- _SOURCE MATERIAL_:

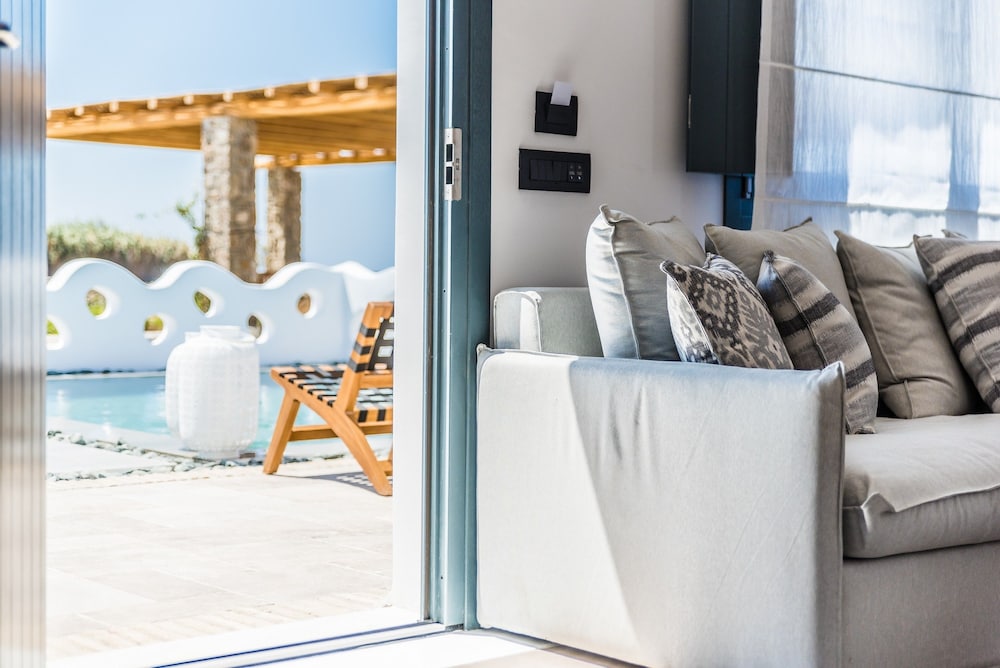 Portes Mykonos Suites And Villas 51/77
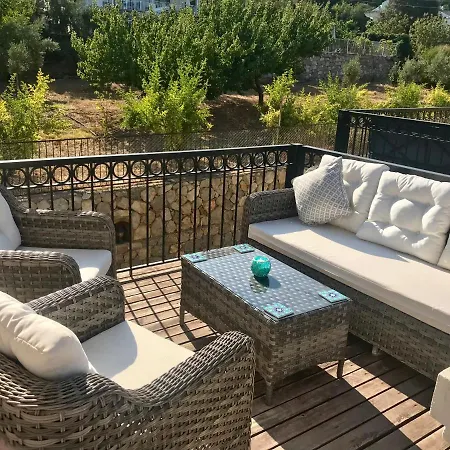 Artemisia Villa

...

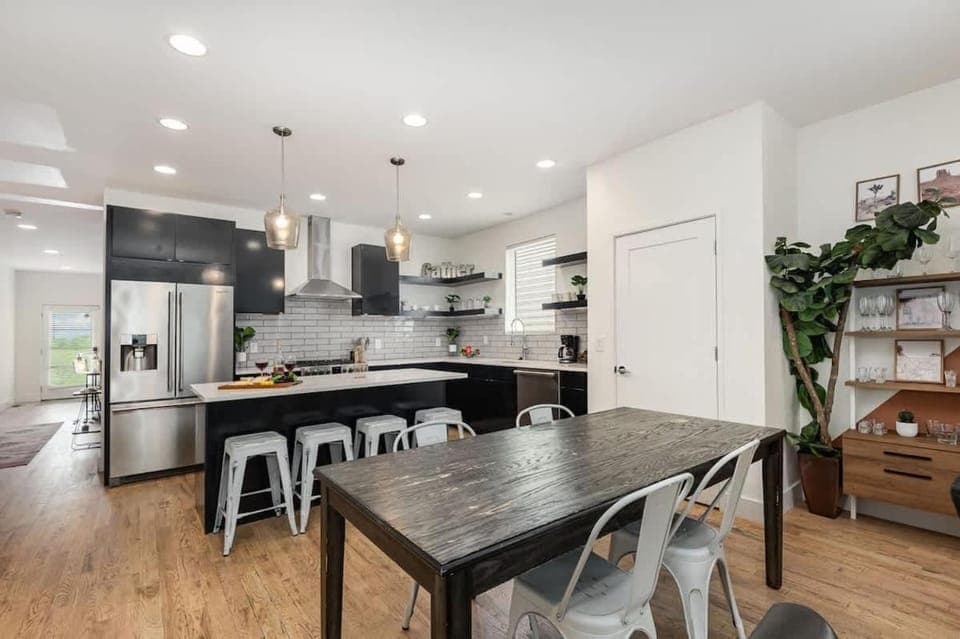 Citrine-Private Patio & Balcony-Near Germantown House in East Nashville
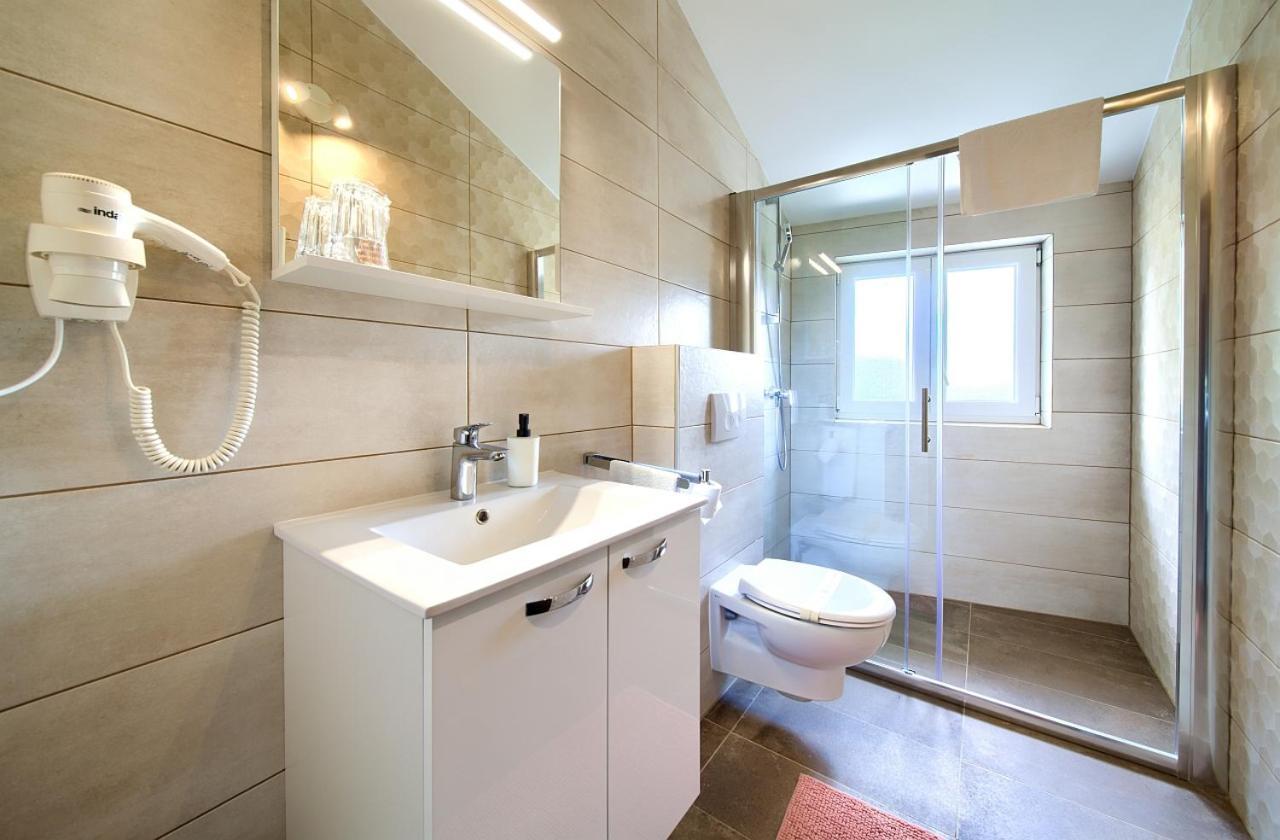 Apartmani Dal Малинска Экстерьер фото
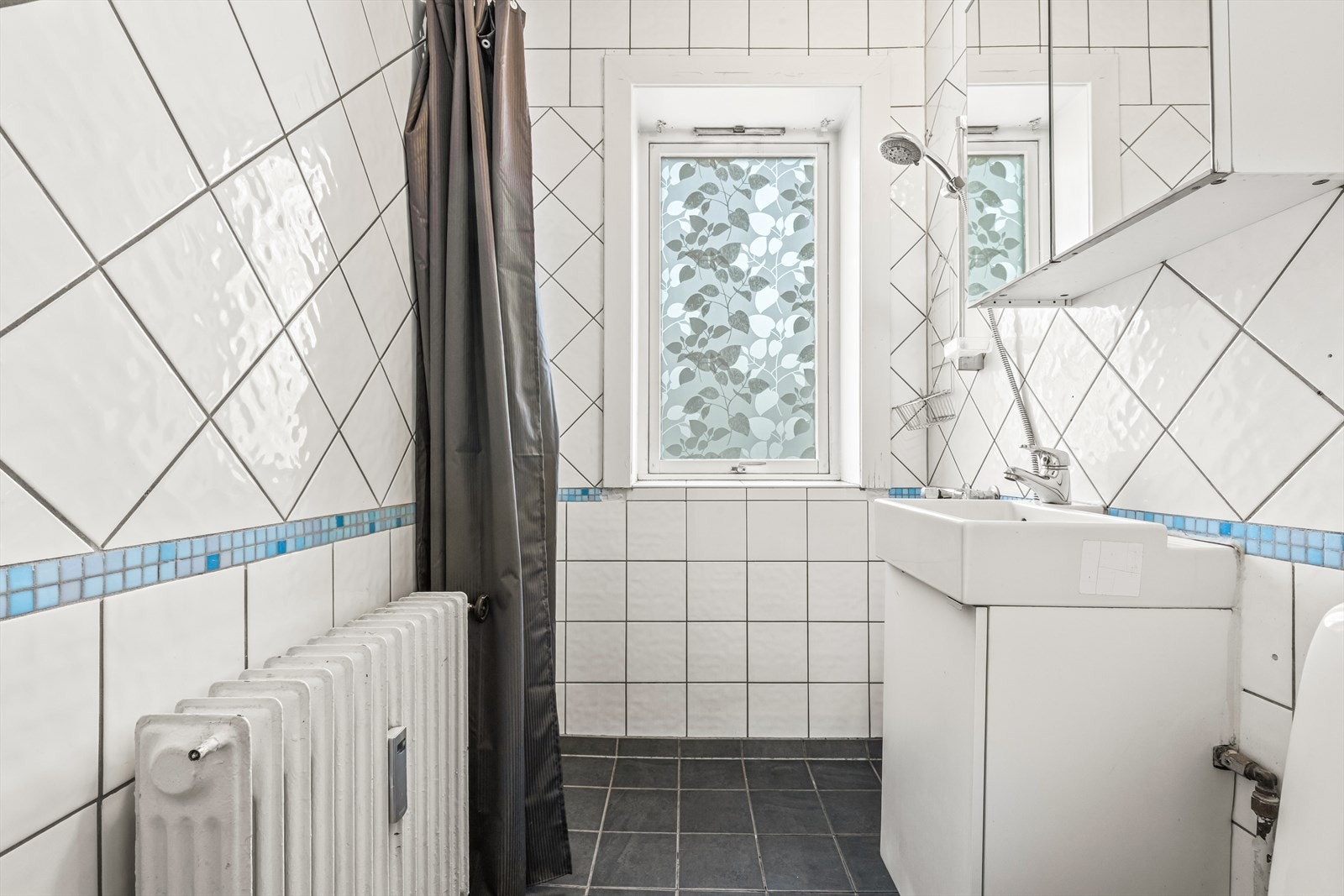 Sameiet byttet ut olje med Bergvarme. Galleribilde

- _YOUR INSTRUCTIONS_:
Set the pictures aside and retype exactly the lines above from the line with "Apartmani Dal Малинска Экстерьер фото" to the line with "Sameiet byttet ut", both included, adding no others.

- _EXERCISE OUTPUT_:
 Apartmani Dal Малинска Экстерьер фото
 Sameiet byttet ut olje med Bergvarme. Galleribilde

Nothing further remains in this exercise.